Civil Society and the Global Civil Society
Project: Translating Civil Society Globally
This sub-project grounds the question of global civil society in an interrogation of how national civil society actors negotiate transnational political space. This process of negotiation defines if, to what extent and how a semblance of a global civil society can be identified. Specifically, the sub-project draws on a multi-sited and comparative ethnography of internationally administered rule of law reforms and humanitarian governance in conflict and post-conflict societies. The cases are chosen due to the intense - yet highly contested - involvement and influence of civil society actors in what are public concerns that have traditionally been assigned to the state.

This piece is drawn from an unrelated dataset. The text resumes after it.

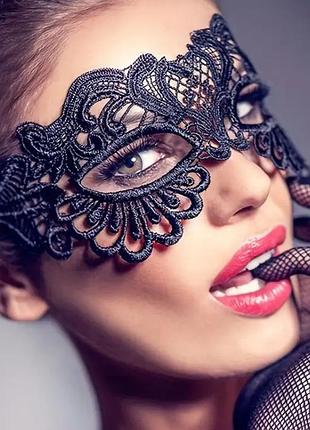 Сексуальная ажурная маска на глаза чёрная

Danish civil society actors have been heavily involved in Kosovo, Afghanistan, Iraq and Syria. Governance and reform processes are necessarily emerging here and transnational spaces open to definition. Consequently, battles of definition are key. The sub-project specifically traces how a variety of civil society actors, ranging from NGOs, volunteers, media professionals, consultants and academics, connect to propel shared visions of what the role of international law should be, and how it must be enacted to accommodate humanitarian values and concepts of human security and rights.
The sub-project intervenes in burgeoning debates within International Relations (IR), international legal theory, and International Political Economy (IPE) on experts and expert networks working within both public and private spheres to template for reform and development.
The project is carried out by Maj Grasten.